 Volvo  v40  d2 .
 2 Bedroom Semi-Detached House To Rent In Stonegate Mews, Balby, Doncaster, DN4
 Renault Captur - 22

┄┄┄┄┄┄

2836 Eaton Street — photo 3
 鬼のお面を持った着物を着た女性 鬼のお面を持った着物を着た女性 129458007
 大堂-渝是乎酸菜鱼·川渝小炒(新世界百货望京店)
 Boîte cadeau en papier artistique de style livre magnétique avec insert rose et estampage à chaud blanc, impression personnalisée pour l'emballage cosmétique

┄┄┄┄┄┄

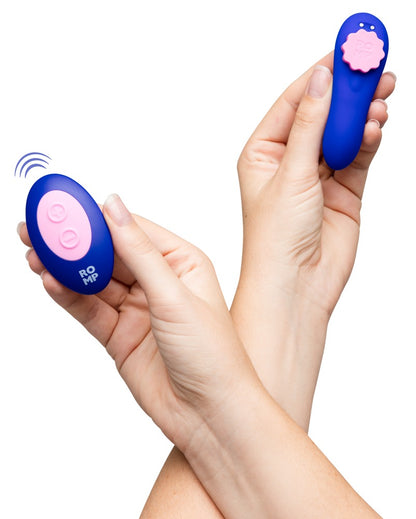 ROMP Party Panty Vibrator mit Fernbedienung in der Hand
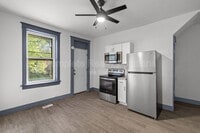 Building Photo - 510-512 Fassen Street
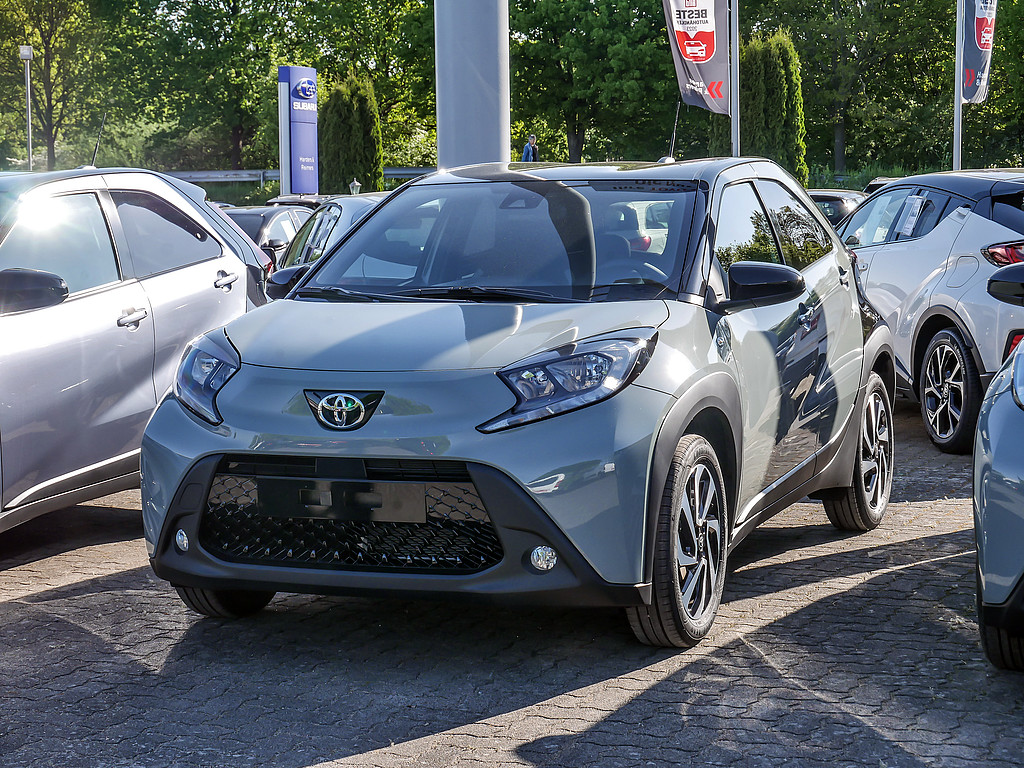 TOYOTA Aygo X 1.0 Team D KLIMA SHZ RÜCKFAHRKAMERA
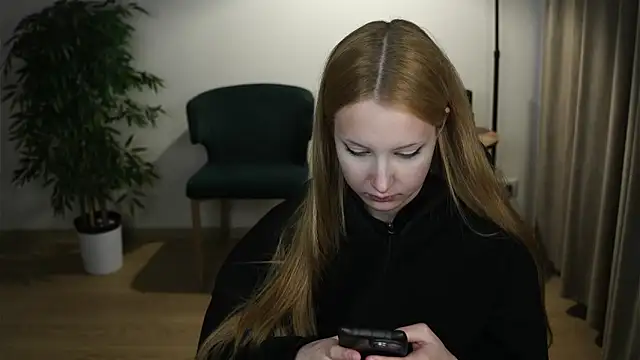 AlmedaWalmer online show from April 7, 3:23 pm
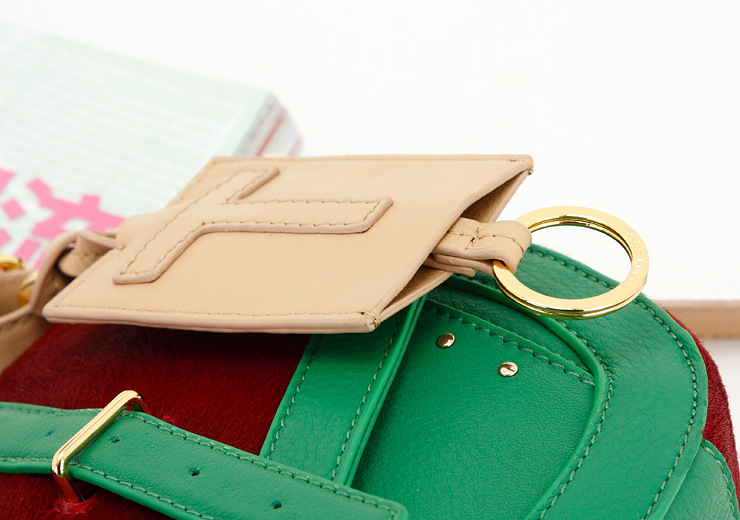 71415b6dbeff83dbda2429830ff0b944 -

┄┄┄┄┄┄

- [Required work]
Find the line with "2836 Eaton Street — photo 3" in the entries above. Retype it and each line after it, exactly, through the line with "Boîte cadeau en", and stop there.

- [Output of the task]
2836 Eaton Street — photo 3
 鬼のお面を持った着物を着た女性 鬼のお面を持った着物を着た女性 129458007
 大堂-渝是乎酸菜鱼·川渝小炒(新世界百货望京店)
 Boîte cadeau en papier artistique de style livre magnétique avec insert rose et estampage à chaud blanc, impression personnalisée pour l'emballage cosmétique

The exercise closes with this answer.